Host: Avi Silberschatz
Title: Efficient Coordination for Global-Scale Data Management
Replicating data across datacenters (geo-replication) provides higher levels of fault-tolerance and data availability. The Wide-Area Network (WAN) latency separating datacenters is orders of magnitude larger than traditional network latency within a datacenter. This makes it expensive to preserve the consistency of data copies. However, consistency and high-level access abstractions like database transactions are favored by developers because they hide the complexity of the underlying replica and concurrency control. This has led to the adoption of consistent transactions in large-scale geo-replicated systems.

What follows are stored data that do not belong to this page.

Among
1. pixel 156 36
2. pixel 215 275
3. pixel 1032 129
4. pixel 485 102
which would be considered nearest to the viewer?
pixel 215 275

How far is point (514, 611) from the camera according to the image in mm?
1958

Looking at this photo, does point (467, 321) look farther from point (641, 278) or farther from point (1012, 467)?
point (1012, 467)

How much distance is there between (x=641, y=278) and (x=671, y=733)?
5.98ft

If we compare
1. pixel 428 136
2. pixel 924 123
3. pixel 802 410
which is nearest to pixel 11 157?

In this talk, I will present the fundamental challenges in designing geo-replicated data management systems. Specifically, transaction latency is high due to the need to coordinate between datacenters spread across the world. Traditionally, coordination is performed by polling other datacenters for permissions to execute. This made a Round-Trip Time (RTT) latency inevitable. In geo-replication, this is an expensive cost and thus leads to the question: Is it possible to avoid the polling paradigm of coordination? Message Futures is a protocol that demonstrates a new paradigm of continuous, proactive coordination. In this paradigm, transactions can coordinate in sub-RTT latency. Breaking the RTT latency barrier invites the next part of the talk where I derive a lower bound for coordination latency. The proposed lower-bound model inspires a design of a coordination protocol called Helios that targets achieving the lower-bound latency. The talk will also discuss many of the practical aspects of building scalable large-scale data management and communication platforms for geo-replicated systems. I conclude the talk with future opportunities for global-scale data management in the context of edge computing, Internet of Things, and data science.

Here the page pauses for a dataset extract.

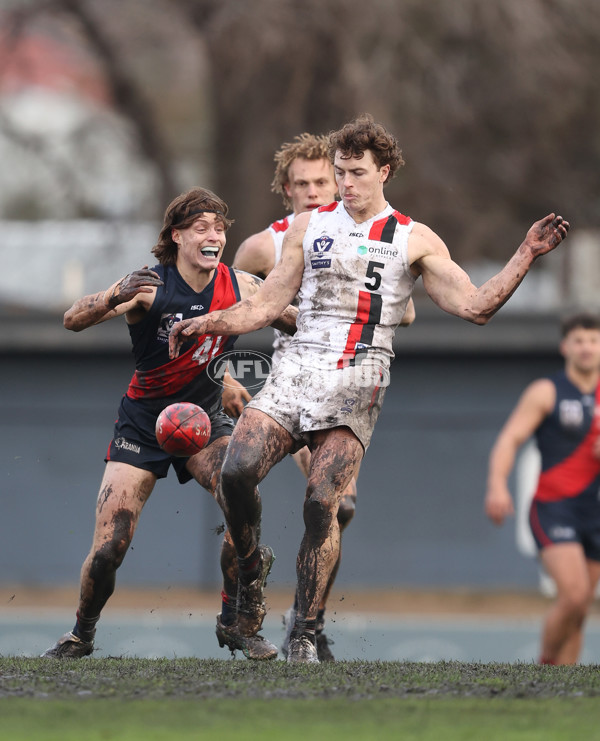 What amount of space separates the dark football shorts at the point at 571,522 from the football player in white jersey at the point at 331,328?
110 inches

Faisal Nawab is a Ph.D. candidate at the University of California, Santa Barbara. His dissertation research lies at the intersection of Big Data management and distributed cloud computing systems. Specifically, he is interested in the challenges that arise in geographically-distributed data management systems. Faisal has also worked with HP Labs and Microsoft Research on data management systems over emerging memory technology such as Non-Volatile Memory. His research is published in leading database conferences, such as VLDB, SIGMOD, and ICDE.